If your agentic system has no cryptographic verification of skill identity, no runtime capability confinement, no behavioral monitoring for post-installation drift, and no re-authorization trigger on tool definition changes — you have not consented to what your skills do. You have consented to what they said they would do, at a point in time that may no longer be relevant. The Consent Gap is not a gap in user awareness. It is a gap in architecture. Closing it requires controls that operate below the layer of user decisions.
Conclusion
The Consent Gap is the defining structural vulnerability of current agentic AI skill ecosystems. It is not a bug in any single product. It is a condition created by the architectural inheritance of pre-LLM plugin models applied to systems where text is both the interface and the attack surface. Every adversary type operating in this space — malicious skill authors, supply chain attackers, rug pull operators, cross-tool shadowing campaigns — is exploiting the same thing.

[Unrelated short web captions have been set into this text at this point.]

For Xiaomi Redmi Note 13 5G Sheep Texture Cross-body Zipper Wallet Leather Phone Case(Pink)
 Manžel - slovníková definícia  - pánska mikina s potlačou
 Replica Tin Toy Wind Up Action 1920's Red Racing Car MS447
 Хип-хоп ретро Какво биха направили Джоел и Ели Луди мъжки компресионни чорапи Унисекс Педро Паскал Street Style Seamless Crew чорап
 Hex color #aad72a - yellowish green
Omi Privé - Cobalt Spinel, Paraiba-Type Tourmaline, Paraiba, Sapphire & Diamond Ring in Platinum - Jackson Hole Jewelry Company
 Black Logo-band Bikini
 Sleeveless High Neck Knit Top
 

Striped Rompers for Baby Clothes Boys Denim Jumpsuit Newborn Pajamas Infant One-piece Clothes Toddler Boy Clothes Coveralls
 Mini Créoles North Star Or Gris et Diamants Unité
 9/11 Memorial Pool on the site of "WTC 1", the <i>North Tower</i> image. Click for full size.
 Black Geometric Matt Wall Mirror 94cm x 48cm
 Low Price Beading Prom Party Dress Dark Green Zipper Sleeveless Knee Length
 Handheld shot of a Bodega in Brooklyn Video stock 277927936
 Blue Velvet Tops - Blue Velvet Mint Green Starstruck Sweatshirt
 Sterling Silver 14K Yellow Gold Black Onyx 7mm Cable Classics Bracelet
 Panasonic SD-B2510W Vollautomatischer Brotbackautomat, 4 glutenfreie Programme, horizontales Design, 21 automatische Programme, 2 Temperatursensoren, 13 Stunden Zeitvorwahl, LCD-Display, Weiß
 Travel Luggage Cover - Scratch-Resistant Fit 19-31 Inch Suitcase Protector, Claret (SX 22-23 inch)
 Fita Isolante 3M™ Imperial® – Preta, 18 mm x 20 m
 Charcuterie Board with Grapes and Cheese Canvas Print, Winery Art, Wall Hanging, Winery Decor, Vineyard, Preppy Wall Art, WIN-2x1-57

The research record is now sufficient to characterize the risk quantitatively, model the adversary behavior systematically, and describe the technical controls that would close the gap. The MCPTox benchmark has quantified vulnerability at scale. The ETDI paper has proposed the cryptographic architecture to remediate it. MITRE ATLAS has documented real-world skill framework attack chains. OWASP has classified the underlying vulnerability conditions. What remains is deployment — of frameworks, of tooling, and of governance postures that treat skill installation as a security decision, not a convenience operation.